I’m walking down Bristol Road in Birmingham. It’s Sunday and the sun is shining. I just finished the third weekend event on writer’s block. The sense of achievement and satisfaction expands my chest and lights me up from the inside. On top of all that, I’m going to have a girly time with my friend, so the day is young.
‘Excuse me,’ a young man says as I am a few steps away from him.
Please, don’t ask me for money. I never hand over money on the street. I’ve been having a good day, please, don’t spoil it.
‘Excuse me,’ he says again.
Why can’t he just say what he wants? I look at his face and try to read his expression. His glassy eyes are sad and he looks kind of pale.
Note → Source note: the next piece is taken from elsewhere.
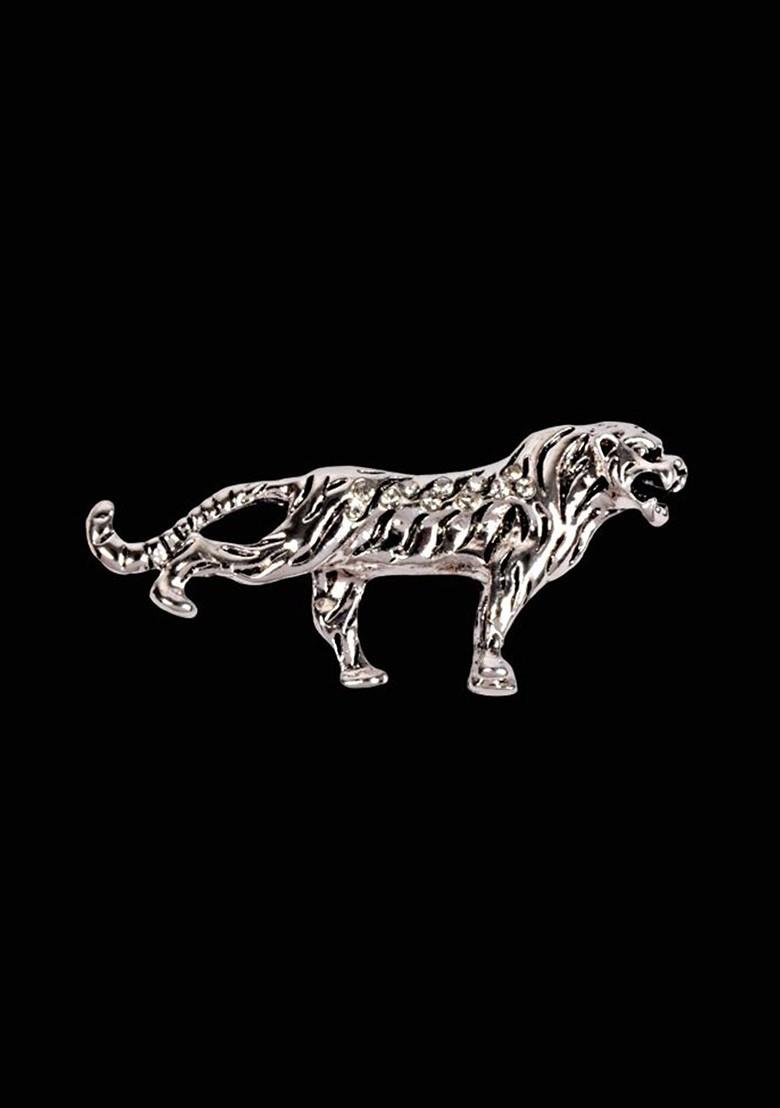 Men Silver Plated Vintage Metal Real Stones Studded Brooch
I slow down without stopping.
Why can’t he just speak?! I stop and wait.
‘Do you have a phone?’
OK, at least he’s not asking for money.
‘Can you call my mum and say I’m going to the Queen Elizabeth Hospital? I’m not ok.’
‘What’s the number?’
I dial it.
‘What’s your name?’
‘Hello, James asked me to call you. We are on Bristol Road. Number… 333. He’s not well. He’s heading to the Queen Elizabeth Hospital. He just wanted you to know.’
‘I think you’ve got a wrong number.’
‘I’m really sorry about it. I’ve been asked to call this number.’ I hold the phone down: ‘James, what are the names of your parents?’ He says and I continue. ‘Does John and Sarah live at this number?’
‘Yes, this is John.’
‘I’m with your son James.’ I repeat myself. It takes a few moments before John speaks again.
‘We are in such a shock. Can we speak to him?’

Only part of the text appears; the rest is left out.